Three leaders of a multimillion dollar international yoga network that promoted itself as “Yoga to the People” before closing down amid published reports that it operated like a cult were arrested Wednesday in Washington State for failing to pay federal taxes while they lived lavishly, authorities in New York announced.
A complaint unsealed in Manhattan federal court said the donation-based organization generated over $20 million in revenue for a decade while promising that its classes featured no-ego and no glorified teachers because “yoga is for everyone.”
The organization started in the East Village of Manhattan in 2006 before becoming “extremely popular” and spreading elsewhere, with about 20 yoga studios in San Francisco, Berkeley and Oakland in California, Tempe, Arizona, Orlando, Florida, and cities in Colorado, Washington State, Spain and Israel, the complaint said.
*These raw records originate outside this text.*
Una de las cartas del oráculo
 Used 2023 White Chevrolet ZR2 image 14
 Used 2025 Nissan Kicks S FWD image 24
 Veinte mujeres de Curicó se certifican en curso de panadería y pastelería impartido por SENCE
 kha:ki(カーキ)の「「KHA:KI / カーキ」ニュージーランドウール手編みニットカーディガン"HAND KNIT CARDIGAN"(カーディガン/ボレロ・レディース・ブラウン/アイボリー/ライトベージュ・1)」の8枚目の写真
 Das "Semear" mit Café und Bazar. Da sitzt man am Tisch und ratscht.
Arrested on charges of tax evasion and conspiracy to defraud the Internal Revenue Service were Gregory Gumucio, 61, and Haven Soliman, 33, both of Cathlamet, Washington, along with Michael Anderson, 51, of Bellevue, Washington. It wasn’t immediately clear who would represent them at a court appearance in Washington State. The complaint said Soliman had described herself as Gumucio’s husband in a draft of a 2012 email, but it added that no marriage certificate has been located, though they “are long-term romantic partners.”
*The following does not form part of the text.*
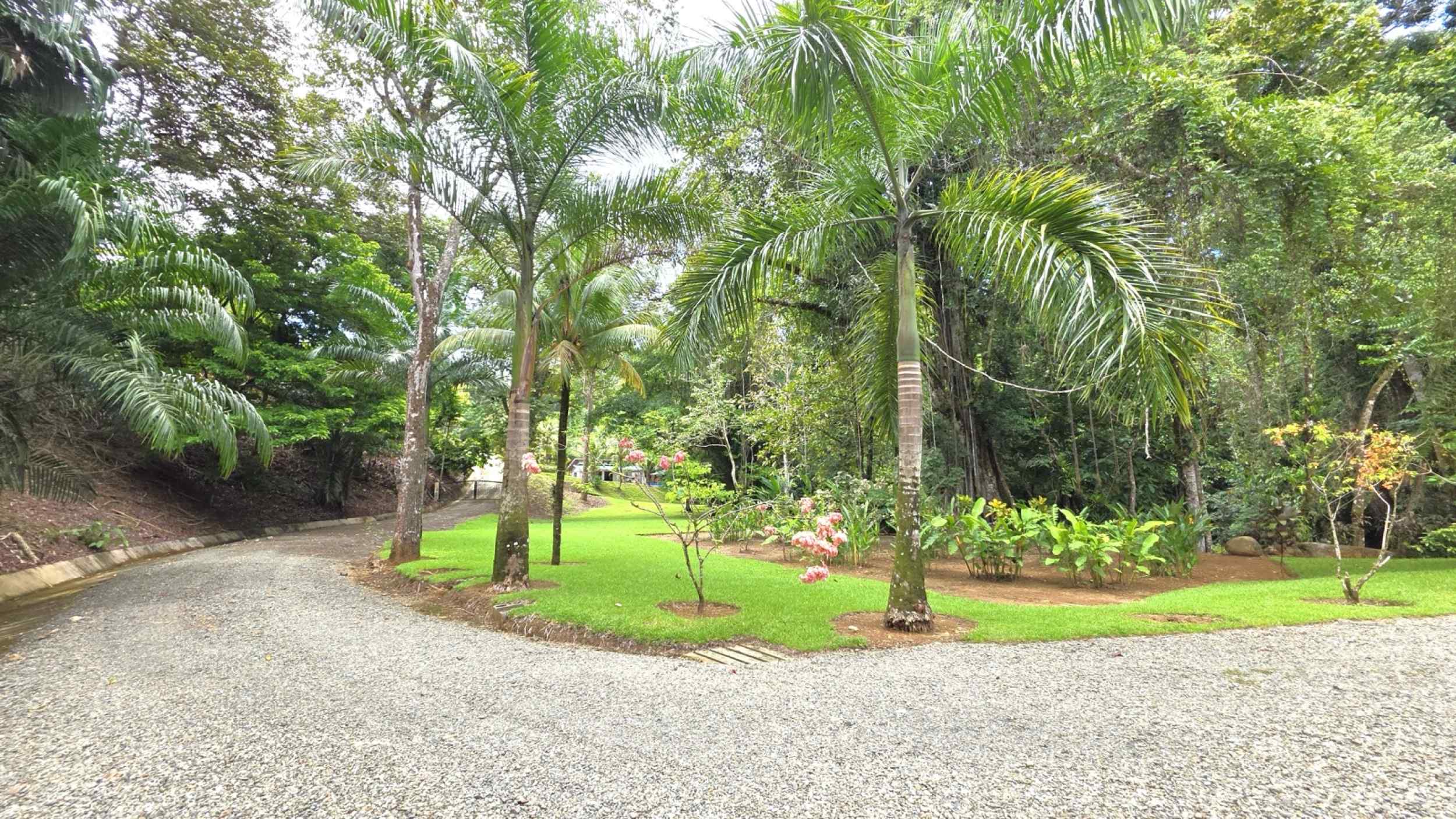 Refreshing 3-Bedroom Riverfront Retreat with Private Pool & Lush Gardens in Ojochal Costa Rica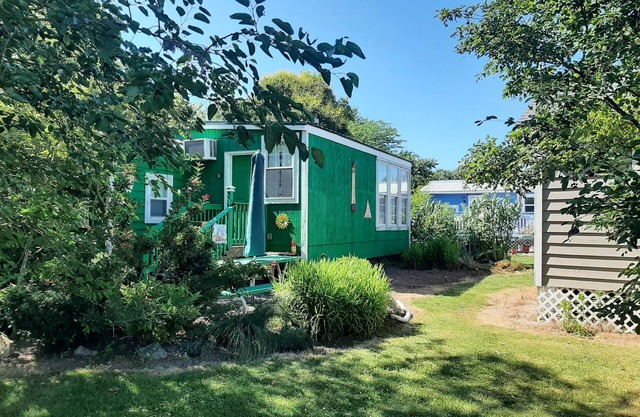 A small but roomy villa on Middle Bass Island, a short ferry ride away to PIB!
Authorities described Gumucio as the founder, principal owner and functional chief executive officer of the organization while Anderson served as a chief financial officer and Soliman was its chief communications officer and director of its Teacher Training Program, which earned substantial income from aspiring yoga teachers.
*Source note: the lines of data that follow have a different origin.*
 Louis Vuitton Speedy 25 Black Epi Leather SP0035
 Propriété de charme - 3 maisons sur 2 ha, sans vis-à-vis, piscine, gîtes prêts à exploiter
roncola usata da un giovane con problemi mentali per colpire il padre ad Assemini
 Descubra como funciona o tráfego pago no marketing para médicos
They said all three claimed their annual incomes were six figures in loan or rental applications from 2013 to 2020, when they filed no individual tax returns.
They said the trio enjoyed extravagant lifestyles, including frequent foreign travel, NFL season tickets, horse lodging, along with expensive meals and clothing.
The complaint said the defendants evaded taxes by failing to create a corporate headquarters or keep corporate books and records and by accepting yoga students’ payments in cash, sometimes collected in tissue boxes passed around during classes, and by paying yoga teachers in cash and “off the books.”